Once we were called in we tied up towards the back of the lock as I recalled the word hinter during the conversation with the lockie.  The lock had floating bollards which we are always pleased to see as they are the simplest device to use when descending large locks.  Nothing else happened and the gates didn’t start to close so we just sat there.  Then the lockie radioed us and it transpired that the lock had two sets of rear gates and he wanted us to tie up after the middle set as only half the lock was going to be used. 

I felt so embarrassed, but the guy was OK and used the international, ‘no problem’.  Using the middle gates must save a lot of water and time as they decrease the lock length from 190 to 120 metres; mind you that’s still an impressive size for a narrowboat. 

Waiting for the gates to open

The autobahn ran alongside us for much of the journey and, as expected from the conversation with the guy earlier in the morning, we passed quite a few factories, both old and modern.

Autobahn following the valley on the left

Arriving at Völklingen we found the long pontoon where we were planning to moor.  We pulled up and made ourselves secure and went off to check out the services available.

Practically empty pontoon

It transpired that the pontoon was gated and there seemed to be a strange process for obtaining a code to unlock the gate.  I called the phone number provided and before I could talk, something was said to me, and the phone was put down. Being a bit bemused, we checked the gate again and it was now unlocked.  We really weren’t keen on going through in case it locked again so we packed up and moved over to a wall on the other side of the river.  It was a much better mooring as we were able to put most of the boat under a higher part of the wall and thus keep it in the shade.

In the shade of a high wall

The main reason for stopping at the town was to visit the world heritage site of the town’s iron and steel works, the Völklingen Hütte.  Because of our record of turning up to visit places on days they are closed, Karen had already checked the site was open on Tuesdays.  She’d also found out that the entry fee is waived for entry after 16:00 on Tuesdays so we made our way down to arrive dead on the dot of four!
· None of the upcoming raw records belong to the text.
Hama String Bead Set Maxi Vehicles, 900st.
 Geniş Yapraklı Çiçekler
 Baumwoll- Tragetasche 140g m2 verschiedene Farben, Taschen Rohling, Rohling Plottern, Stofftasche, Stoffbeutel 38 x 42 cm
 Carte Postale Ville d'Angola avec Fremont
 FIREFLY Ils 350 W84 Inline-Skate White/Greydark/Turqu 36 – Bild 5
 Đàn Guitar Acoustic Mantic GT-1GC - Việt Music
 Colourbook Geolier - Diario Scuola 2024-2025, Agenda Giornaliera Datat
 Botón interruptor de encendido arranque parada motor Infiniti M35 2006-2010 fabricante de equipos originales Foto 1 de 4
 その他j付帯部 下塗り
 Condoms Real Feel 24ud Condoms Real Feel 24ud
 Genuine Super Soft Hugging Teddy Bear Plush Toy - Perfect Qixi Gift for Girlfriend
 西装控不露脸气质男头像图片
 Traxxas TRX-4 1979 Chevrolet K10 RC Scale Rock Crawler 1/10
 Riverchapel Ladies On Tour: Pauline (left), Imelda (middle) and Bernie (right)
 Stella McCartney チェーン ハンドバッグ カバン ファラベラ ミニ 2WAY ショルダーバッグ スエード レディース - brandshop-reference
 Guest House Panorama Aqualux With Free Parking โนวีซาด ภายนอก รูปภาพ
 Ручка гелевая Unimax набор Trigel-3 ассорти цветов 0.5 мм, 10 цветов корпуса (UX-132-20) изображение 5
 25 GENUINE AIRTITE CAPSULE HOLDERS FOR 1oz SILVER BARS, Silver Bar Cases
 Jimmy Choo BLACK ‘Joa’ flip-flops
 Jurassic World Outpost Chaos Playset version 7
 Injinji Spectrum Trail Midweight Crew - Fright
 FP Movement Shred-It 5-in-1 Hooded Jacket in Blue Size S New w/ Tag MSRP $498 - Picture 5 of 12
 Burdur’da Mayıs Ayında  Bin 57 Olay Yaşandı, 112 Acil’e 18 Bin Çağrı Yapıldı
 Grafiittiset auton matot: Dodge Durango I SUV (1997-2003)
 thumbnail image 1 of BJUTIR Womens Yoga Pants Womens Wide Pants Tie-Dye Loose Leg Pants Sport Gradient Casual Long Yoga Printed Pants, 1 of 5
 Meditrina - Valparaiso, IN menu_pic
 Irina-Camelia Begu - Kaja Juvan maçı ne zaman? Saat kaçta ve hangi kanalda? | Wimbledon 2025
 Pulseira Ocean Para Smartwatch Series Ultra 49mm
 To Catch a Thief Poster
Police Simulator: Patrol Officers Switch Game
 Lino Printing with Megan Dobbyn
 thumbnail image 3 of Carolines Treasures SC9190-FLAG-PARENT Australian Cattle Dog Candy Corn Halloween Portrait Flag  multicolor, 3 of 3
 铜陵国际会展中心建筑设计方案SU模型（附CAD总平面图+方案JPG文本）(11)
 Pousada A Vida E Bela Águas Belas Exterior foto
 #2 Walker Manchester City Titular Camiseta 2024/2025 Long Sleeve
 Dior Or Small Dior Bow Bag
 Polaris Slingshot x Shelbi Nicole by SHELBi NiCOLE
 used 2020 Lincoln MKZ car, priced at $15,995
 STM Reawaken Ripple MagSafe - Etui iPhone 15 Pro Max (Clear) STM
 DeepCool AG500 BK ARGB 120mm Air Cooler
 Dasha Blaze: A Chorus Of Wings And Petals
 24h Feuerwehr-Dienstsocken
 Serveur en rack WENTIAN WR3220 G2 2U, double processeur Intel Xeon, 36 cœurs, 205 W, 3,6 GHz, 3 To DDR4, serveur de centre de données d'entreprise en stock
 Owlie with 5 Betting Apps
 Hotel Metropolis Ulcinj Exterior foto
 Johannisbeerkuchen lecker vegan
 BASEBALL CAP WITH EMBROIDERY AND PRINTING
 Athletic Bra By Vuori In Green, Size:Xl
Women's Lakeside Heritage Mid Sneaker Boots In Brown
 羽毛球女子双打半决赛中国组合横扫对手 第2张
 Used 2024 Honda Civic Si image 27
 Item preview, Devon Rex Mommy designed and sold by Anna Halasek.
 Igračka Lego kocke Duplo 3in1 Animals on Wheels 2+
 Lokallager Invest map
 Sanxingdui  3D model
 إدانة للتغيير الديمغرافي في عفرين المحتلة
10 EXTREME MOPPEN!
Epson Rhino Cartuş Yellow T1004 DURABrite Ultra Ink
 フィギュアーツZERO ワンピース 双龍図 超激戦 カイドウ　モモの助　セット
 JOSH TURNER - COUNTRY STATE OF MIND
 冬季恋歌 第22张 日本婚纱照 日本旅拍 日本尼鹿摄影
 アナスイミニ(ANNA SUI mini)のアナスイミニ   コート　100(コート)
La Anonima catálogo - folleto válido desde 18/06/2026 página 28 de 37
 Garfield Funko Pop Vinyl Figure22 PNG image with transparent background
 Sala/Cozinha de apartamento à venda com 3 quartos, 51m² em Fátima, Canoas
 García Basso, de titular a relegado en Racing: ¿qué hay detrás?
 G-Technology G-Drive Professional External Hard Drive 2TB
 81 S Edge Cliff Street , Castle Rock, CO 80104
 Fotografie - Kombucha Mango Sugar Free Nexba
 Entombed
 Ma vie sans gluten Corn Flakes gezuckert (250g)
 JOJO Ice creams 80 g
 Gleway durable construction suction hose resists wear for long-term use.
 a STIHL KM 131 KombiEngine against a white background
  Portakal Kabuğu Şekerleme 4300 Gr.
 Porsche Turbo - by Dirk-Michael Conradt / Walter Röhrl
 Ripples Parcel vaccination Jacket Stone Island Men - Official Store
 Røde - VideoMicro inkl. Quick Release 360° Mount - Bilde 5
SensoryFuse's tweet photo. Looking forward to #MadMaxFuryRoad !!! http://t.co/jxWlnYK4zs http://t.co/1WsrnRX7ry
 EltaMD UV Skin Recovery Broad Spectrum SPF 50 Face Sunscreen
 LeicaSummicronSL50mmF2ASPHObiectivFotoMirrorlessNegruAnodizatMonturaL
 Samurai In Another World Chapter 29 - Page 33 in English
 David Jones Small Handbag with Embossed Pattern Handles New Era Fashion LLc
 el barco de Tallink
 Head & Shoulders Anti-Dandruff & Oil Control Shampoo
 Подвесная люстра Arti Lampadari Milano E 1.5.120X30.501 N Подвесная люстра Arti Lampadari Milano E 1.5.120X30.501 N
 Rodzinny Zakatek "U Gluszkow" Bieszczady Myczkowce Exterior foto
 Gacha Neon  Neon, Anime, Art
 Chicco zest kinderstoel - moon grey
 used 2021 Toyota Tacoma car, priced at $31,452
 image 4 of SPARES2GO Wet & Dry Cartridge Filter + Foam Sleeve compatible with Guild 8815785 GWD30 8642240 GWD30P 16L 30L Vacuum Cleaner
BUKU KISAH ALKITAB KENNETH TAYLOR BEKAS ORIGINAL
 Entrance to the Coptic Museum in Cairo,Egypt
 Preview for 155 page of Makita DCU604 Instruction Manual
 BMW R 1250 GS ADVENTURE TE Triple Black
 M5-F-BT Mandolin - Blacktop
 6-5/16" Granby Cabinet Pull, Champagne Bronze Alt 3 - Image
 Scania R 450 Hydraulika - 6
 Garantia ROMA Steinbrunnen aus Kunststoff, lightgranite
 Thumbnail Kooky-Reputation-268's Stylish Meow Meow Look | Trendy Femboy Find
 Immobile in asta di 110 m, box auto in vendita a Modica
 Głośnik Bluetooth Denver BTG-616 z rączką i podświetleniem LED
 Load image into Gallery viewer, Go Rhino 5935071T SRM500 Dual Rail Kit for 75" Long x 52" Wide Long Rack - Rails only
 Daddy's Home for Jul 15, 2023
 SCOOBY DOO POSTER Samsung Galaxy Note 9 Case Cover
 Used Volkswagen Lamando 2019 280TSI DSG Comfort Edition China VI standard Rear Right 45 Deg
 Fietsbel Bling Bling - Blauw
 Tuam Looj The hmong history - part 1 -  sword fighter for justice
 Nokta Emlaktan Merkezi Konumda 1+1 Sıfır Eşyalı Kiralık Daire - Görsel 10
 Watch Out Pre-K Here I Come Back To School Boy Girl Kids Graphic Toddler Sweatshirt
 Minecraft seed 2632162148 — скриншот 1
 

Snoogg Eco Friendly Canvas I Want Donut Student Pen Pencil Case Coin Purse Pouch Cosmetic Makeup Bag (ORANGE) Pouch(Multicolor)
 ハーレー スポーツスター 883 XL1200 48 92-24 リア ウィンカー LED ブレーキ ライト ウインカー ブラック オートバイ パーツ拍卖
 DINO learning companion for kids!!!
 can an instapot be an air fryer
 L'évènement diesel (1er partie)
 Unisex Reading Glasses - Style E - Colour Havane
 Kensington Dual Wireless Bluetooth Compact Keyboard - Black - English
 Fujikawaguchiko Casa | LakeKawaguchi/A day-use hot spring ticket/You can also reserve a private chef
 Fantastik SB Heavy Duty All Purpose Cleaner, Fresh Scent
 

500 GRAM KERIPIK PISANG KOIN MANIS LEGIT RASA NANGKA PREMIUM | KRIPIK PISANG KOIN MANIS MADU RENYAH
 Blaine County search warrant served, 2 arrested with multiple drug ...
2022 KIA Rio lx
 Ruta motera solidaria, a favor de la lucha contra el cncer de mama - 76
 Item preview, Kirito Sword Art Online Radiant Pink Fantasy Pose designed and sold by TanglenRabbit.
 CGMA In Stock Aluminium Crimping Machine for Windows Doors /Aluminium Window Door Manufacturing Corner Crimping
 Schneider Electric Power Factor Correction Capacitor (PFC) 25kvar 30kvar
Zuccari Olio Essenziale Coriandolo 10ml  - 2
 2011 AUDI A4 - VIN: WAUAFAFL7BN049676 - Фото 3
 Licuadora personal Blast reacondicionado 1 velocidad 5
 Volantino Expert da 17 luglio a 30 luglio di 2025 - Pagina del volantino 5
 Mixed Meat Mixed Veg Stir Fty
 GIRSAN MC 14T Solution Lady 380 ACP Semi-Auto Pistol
The works were founded in 1873 by a guy called Julius Buch and it soon became one of Europe’s prominent iron and steel works.  In its heyday, 17,000 people worked on the 15-acre site operating the six blast furnaces as well as coke ovens, an iron-ore processing plant and sintering furnaces.  The works closed in 1986 and are being preserved as a living museum that also hosts concerts and art exhibitions.

As the saying goes, we were blown away by our visit and were amazed at how free we were to wander around the place and climb up the beside the blast furnaces.  Words and pictures just cannot do the scale, grandeur and history of the works any justice, so here are a few of each:

The inside areas were lit atmospherically

One of the six blast furnaces

Trucks of iron ore ran on suspended tracks

Northern part of the site with slag heaps in the distance

Monorail

The eastern side with Völklingen town in the background

We were asked to wear hard hats when we wanted climb up beside the blast furnaces so here’s the obligatory picture:


Some areas were given over to modern art installations. We know such things are put on for marketing purposes and getting visitor numbers up but we hardly ever get the messages that are being portrayed by modern art exhibitions.  The only piece I’ll include is where a modern artist had taken over a couple of rooms for a display of workers’ lockers.

We spent over two hours exploring the site and would highly recommend a visit.

Coincidentally, after talking about dragon boat racing at Saarbrücken, two dragon boats were practising up and down the river during the evening.

On Tuesday we travelled 12 km down one lock.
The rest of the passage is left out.